| Caption-style text data |
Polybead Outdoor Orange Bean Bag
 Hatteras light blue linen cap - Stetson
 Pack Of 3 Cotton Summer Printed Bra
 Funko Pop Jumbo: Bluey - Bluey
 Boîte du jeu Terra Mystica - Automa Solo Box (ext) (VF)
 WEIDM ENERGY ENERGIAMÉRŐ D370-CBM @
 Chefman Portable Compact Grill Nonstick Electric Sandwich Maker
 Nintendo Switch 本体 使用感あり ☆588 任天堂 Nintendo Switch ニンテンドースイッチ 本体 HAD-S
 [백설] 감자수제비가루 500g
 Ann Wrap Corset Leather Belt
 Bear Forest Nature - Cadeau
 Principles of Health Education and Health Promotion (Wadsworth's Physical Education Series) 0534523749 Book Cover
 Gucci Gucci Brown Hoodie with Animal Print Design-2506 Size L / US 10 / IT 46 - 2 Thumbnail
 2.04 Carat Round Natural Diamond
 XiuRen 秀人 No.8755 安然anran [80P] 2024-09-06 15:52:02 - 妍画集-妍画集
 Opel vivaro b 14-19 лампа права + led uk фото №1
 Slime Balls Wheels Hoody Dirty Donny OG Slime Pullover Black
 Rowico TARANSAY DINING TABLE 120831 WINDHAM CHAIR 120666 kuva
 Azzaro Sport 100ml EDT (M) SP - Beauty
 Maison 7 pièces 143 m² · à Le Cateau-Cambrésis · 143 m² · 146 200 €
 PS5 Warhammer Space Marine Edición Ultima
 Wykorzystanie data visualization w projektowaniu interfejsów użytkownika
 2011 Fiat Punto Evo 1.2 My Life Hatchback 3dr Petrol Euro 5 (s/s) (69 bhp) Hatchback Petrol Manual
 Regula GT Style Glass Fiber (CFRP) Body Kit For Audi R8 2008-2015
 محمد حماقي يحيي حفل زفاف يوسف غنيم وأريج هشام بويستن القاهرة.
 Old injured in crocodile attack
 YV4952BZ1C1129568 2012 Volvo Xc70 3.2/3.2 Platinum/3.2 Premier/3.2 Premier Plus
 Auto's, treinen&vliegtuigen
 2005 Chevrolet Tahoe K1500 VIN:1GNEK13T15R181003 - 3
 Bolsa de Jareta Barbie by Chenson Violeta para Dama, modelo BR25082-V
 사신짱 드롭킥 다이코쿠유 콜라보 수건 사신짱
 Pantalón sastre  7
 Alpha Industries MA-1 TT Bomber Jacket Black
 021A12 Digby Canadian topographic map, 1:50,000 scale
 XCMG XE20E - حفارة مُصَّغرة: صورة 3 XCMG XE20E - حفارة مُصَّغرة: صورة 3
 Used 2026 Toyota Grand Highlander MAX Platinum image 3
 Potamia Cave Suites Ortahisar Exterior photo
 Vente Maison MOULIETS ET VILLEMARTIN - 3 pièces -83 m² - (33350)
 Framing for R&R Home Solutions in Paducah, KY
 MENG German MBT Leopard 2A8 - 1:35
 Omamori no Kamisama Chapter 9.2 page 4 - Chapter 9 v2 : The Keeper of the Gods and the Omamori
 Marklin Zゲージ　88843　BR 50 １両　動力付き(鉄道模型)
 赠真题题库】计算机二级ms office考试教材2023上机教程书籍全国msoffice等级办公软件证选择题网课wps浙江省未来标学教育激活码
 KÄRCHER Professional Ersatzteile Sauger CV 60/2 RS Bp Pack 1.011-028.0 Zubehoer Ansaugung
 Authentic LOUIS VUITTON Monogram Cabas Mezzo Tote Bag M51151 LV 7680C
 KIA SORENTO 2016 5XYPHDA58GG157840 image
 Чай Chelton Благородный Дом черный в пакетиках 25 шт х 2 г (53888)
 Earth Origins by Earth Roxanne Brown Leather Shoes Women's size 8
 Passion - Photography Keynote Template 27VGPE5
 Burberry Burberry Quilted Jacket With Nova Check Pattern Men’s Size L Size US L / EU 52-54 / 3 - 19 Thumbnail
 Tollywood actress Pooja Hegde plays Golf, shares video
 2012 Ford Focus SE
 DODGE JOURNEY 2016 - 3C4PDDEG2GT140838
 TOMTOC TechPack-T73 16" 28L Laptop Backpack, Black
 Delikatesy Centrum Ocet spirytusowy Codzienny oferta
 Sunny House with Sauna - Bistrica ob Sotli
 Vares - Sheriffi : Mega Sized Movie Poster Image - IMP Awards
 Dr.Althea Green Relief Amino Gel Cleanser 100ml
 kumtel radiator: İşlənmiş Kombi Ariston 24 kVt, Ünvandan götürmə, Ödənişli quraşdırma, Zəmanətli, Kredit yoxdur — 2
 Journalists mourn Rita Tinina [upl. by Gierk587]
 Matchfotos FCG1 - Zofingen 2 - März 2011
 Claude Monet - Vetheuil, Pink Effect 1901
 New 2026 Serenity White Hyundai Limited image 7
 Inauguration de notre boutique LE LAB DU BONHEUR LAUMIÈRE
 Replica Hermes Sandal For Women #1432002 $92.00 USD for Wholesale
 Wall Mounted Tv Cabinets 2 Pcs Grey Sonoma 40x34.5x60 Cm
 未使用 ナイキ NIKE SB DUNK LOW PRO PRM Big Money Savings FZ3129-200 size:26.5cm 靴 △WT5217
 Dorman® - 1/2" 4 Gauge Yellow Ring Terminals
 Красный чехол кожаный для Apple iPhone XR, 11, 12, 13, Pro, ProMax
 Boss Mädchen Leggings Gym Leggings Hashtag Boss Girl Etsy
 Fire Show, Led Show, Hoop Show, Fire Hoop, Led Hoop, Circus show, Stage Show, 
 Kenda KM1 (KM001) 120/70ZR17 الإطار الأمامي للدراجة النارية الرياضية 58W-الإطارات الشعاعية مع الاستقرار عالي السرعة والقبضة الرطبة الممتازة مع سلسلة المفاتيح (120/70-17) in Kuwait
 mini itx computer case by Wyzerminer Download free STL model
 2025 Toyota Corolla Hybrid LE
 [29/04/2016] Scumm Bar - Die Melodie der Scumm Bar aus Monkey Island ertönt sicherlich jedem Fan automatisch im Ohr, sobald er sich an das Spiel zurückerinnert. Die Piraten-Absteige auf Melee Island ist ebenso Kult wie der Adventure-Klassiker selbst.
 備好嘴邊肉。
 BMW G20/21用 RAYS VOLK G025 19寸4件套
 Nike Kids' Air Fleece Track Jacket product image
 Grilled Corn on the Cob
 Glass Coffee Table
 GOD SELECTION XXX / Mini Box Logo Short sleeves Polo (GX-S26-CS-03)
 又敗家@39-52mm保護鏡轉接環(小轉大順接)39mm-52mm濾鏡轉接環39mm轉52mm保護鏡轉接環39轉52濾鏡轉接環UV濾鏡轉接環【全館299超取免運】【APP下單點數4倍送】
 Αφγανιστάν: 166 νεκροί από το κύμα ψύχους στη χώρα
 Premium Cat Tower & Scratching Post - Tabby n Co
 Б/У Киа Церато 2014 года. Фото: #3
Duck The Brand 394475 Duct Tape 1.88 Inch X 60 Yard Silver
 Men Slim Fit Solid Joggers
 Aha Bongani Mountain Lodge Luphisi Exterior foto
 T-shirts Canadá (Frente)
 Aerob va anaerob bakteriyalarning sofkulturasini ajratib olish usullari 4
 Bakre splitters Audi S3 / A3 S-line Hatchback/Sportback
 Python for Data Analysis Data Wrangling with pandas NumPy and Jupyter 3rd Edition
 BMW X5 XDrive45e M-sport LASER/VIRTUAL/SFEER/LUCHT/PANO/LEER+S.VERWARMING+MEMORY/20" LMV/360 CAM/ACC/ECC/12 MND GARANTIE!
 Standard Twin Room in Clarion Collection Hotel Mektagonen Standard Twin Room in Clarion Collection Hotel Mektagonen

| Exercise details |
Nothing is to be left out; reproduce each record exactly.

| Answer box |
Polybead Outdoor Orange Bean Bag
 Hatteras light blue linen cap - Stetson
 Pack Of 3 Cotton Summer Printed Bra
 Funko Pop Jumbo: Bluey - Bluey
 Boîte du jeu Terra Mystica - Automa Solo Box (ext) (VF)
 WEIDM ENERGY ENERGIAMÉRŐ D370-CBM @
 Chefman Portable Compact Grill Nonstick Electric Sandwich Maker
 Nintendo Switch 本体 使用感あり ☆588 任天堂 Nintendo Switch ニンテンドースイッチ 本体 HAD-S
 [백설] 감자수제비가루 500g
 Ann Wrap Corset Leather Belt
 Bear Forest Nature - Cadeau
 Principles of Health Education and Health Promotion (Wadsworth's Physical Education Series) 0534523749 Book Cover
 Gucci Gucci Brown Hoodie with Animal Print Design-2506 Size L / US 10 / IT 46 - 2 Thumbnail
 2.04 Carat Round Natural Diamond
 XiuRen 秀人 No.8755 安然anran [80P] 2024-09-06 15:52:02 - 妍画集-妍画集
 Opel vivaro b 14-19 лампа права + led uk фото №1
 Slime Balls Wheels Hoody Dirty Donny OG Slime Pullover Black
 Rowico TARANSAY DINING TABLE 120831 WINDHAM CHAIR 120666 kuva
 Azzaro Sport 100ml EDT (M) SP - Beauty
 Maison 7 pièces 143 m² · à Le Cateau-Cambrésis · 143 m² · 146 200 €
 PS5 Warhammer Space Marine Edición Ultima
 Wykorzystanie data visualization w projektowaniu interfejsów użytkownika
 2011 Fiat Punto Evo 1.2 My Life Hatchback 3dr Petrol Euro 5 (s/s) (69 bhp) Hatchback Petrol Manual
 Regula GT Style Glass Fiber (CFRP) Body Kit For Audi R8 2008-2015
 محمد حماقي يحيي حفل زفاف يوسف غنيم وأريج هشام بويستن القاهرة.
 Old injured in crocodile attack
 YV4952BZ1C1129568 2012 Volvo Xc70 3.2/3.2 Platinum/3.2 Premier/3.2 Premier Plus
 Auto's, treinen&vliegtuigen
 2005 Chevrolet Tahoe K1500 VIN:1GNEK13T15R181003 - 3
 Bolsa de Jareta Barbie by Chenson Violeta para Dama, modelo BR25082-V
 사신짱 드롭킥 다이코쿠유 콜라보 수건 사신짱
 Pantalón sastre  7
 Alpha Industries MA-1 TT Bomber Jacket Black
 021A12 Digby Canadian topographic map, 1:50,000 scale
 XCMG XE20E - حفارة مُصَّغرة: صورة 3 XCMG XE20E - حفارة مُصَّغرة: صورة 3
 Used 2026 Toyota Grand Highlander MAX Platinum image 3
 Potamia Cave Suites Ortahisar Exterior photo
 Vente Maison MOULIETS ET VILLEMARTIN - 3 pièces -83 m² - (33350)
 Framing for R&R Home Solutions in Paducah, KY
 MENG German MBT Leopard 2A8 - 1:35
 Omamori no Kamisama Chapter 9.2 page 4 - Chapter 9 v2 : The Keeper of the Gods and the Omamori
 Marklin Zゲージ　88843　BR 50 １両　動力付き(鉄道模型)
 赠真题题库】计算机二级ms office考试教材2023上机教程书籍全国msoffice等级办公软件证选择题网课wps浙江省未来标学教育激活码
 KÄRCHER Professional Ersatzteile Sauger CV 60/2 RS Bp Pack 1.011-028.0 Zubehoer Ansaugung
 Authentic LOUIS VUITTON Monogram Cabas Mezzo Tote Bag M51151 LV 7680C
 KIA SORENTO 2016 5XYPHDA58GG157840 image
 Чай Chelton Благородный Дом черный в пакетиках 25 шт х 2 г (53888)
 Earth Origins by Earth Roxanne Brown Leather Shoes Women's size 8
 Passion - Photography Keynote Template 27VGPE5
 Burberry Burberry Quilted Jacket With Nova Check Pattern Men’s Size L Size US L / EU 52-54 / 3 - 19 Thumbnail
 Tollywood actress Pooja Hegde plays Golf, shares video
 2012 Ford Focus SE
 DODGE JOURNEY 2016 - 3C4PDDEG2GT140838
 TOMTOC TechPack-T73 16" 28L Laptop Backpack, Black
 Delikatesy Centrum Ocet spirytusowy Codzienny oferta
 Sunny House with Sauna - Bistrica ob Sotli
 Vares - Sheriffi : Mega Sized Movie Poster Image - IMP Awards
 Dr.Althea Green Relief Amino Gel Cleanser 100ml
 kumtel radiator: İşlənmiş Kombi Ariston 24 kVt, Ünvandan götürmə, Ödənişli quraşdırma, Zəmanətli, Kredit yoxdur — 2
 Journalists mourn Rita Tinina [upl. by Gierk587]
 Matchfotos FCG1 - Zofingen 2 - März 2011
 Claude Monet - Vetheuil, Pink Effect 1901
 New 2026 Serenity White Hyundai Limited image 7
 Inauguration de notre boutique LE LAB DU BONHEUR LAUMIÈRE
 Replica Hermes Sandal For Women #1432002 $92.00 USD for Wholesale
 Wall Mounted Tv Cabinets 2 Pcs Grey Sonoma 40x34.5x60 Cm
 未使用 ナイキ NIKE SB DUNK LOW PRO PRM Big Money Savings FZ3129-200 size:26.5cm 靴 △WT5217
 Dorman® - 1/2" 4 Gauge Yellow Ring Terminals
 Красный чехол кожаный для Apple iPhone XR, 11, 12, 13, Pro, ProMax
 Boss Mädchen Leggings Gym Leggings Hashtag Boss Girl Etsy
 Fire Show, Led Show, Hoop Show, Fire Hoop, Led Hoop, Circus show, Stage Show, 
 Kenda KM1 (KM001) 120/70ZR17 الإطار الأمامي للدراجة النارية الرياضية 58W-الإطارات الشعاعية مع الاستقرار عالي السرعة والقبضة الرطبة الممتازة مع سلسلة المفاتيح (120/70-17) in Kuwait
 mini itx computer case by Wyzerminer Download free STL model
 2025 Toyota Corolla Hybrid LE
 [29/04/2016] Scumm Bar - Die Melodie der Scumm Bar aus Monkey Island ertönt sicherlich jedem Fan automatisch im Ohr, sobald er sich an das Spiel zurückerinnert. Die Piraten-Absteige auf Melee Island ist ebenso Kult wie der Adventure-Klassiker selbst.
 備好嘴邊肉。
 BMW G20/21用 RAYS VOLK G025 19寸4件套
 Nike Kids' Air Fleece Track Jacket product image
 Grilled Corn on the Cob
 Glass Coffee Table
 GOD SELECTION XXX / Mini Box Logo Short sleeves Polo (GX-S26-CS-03)
 又敗家@39-52mm保護鏡轉接環(小轉大順接)39mm-52mm濾鏡轉接環39mm轉52mm保護鏡轉接環39轉52濾鏡轉接環UV濾鏡轉接環【全館299超取免運】【APP下單點數4倍送】
 Αφγανιστάν: 166 νεκροί από το κύμα ψύχους στη χώρα
 Premium Cat Tower & Scratching Post - Tabby n Co
 Б/У Киа Церато 2014 года. Фото: #3
Duck The Brand 394475 Duct Tape 1.88 Inch X 60 Yard Silver
 Men Slim Fit Solid Joggers
 Aha Bongani Mountain Lodge Luphisi Exterior foto
 T-shirts Canadá (Frente)
 Aerob va anaerob bakteriyalarning sofkulturasini ajratib olish usullari 4
 Bakre splitters Audi S3 / A3 S-line Hatchback/Sportback
 Python for Data Analysis Data Wrangling with pandas NumPy and Jupyter 3rd Edition
 BMW X5 XDrive45e M-sport LASER/VIRTUAL/SFEER/LUCHT/PANO/LEER+S.VERWARMING+MEMORY/20" LMV/360 CAM/ACC/ECC/12 MND GARANTIE!
 Standard Twin Room in Clarion Collection Hotel Mektagonen Standard Twin Room in Clarion Collection Hotel Mektagonen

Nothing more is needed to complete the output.